Stop the presses! Scientist says "erotica has its place"

File this under “No Duh!” Reporter interviews scientist from the Kinsey Institute, gets a story out of it that says there’s nothing inherently wrong with erotica.


Give the newspaper credit—because in Salt Lake, otherwise known as Mormon Central, printing anything even debatably pro- free sexual expression takes courage. But I couldn’t help reading this article with a more than slightly jaundiced eye. “Nothing wrong with erotica!” it proclaims, citing cave art and the Kama Sutra, among other things.


I’m a card-carrying erotic writer, myself. Obviously, I don’t think there’s anything wrong with erotica. “Every man thinks he’s righteous,” as the saying goes; if I didn’t approve, I wouldn’t create the stuff, nor consume it.


But, seriously. This merits column inches in a major metropolitan daily? And on a rather more serious note—there is a difference between erotica and pornography, which this reporter apparently does not grasp.

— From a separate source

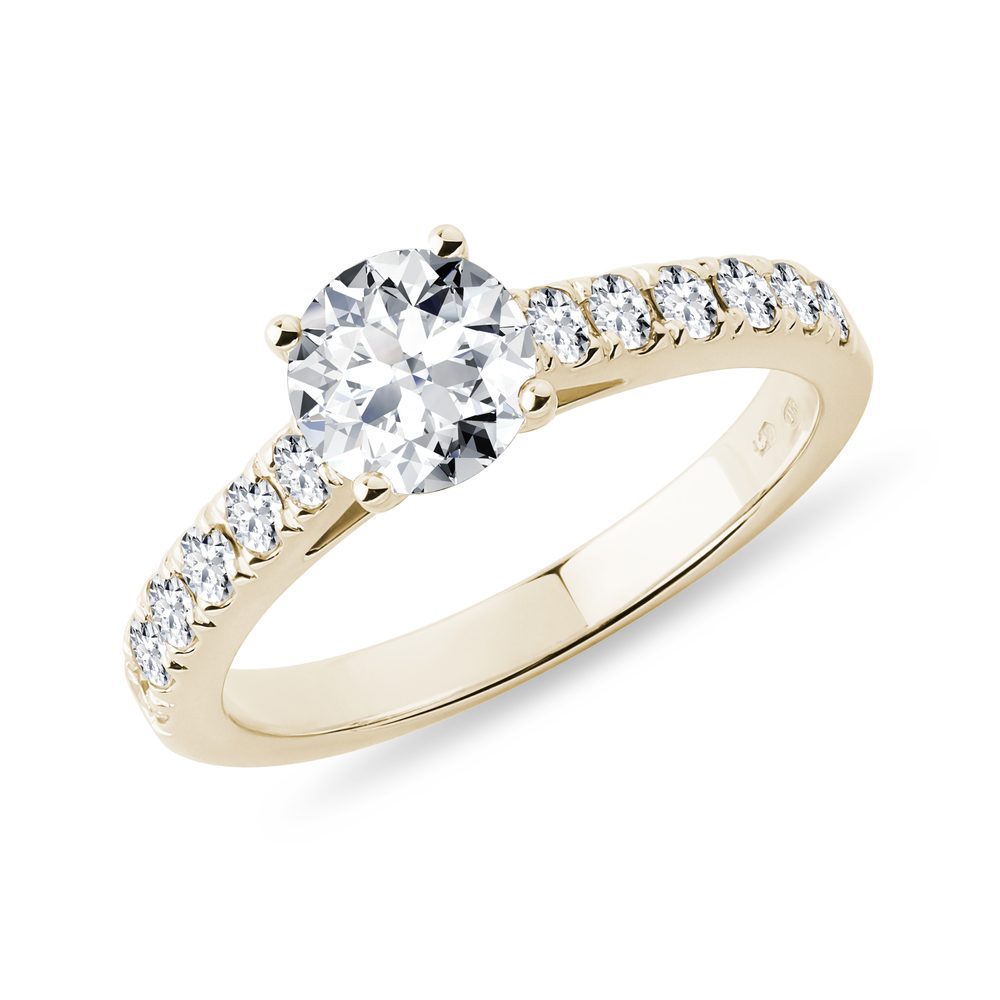 Luxusní zásnubní diamantový prsten ze 14k žlutého zlata KLENOTA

The article is headed “Kinsey scientist says erotica has its place,” and the first line references “erotic imagery.” But the word “erotica” appears only once in the brief story, as opposed to eight appearances of “porn” or “pornography,” with no clear delineation between the two—it actually ends with a defense of porn as “...a more innocent outlet than adultery.” No mention at all of erotica’s place in a healthy psyche or sex life!


Sigh. Erotica does, indeed, have its place. So does porn. I’d argue that they’re different places, but...baby steps, right?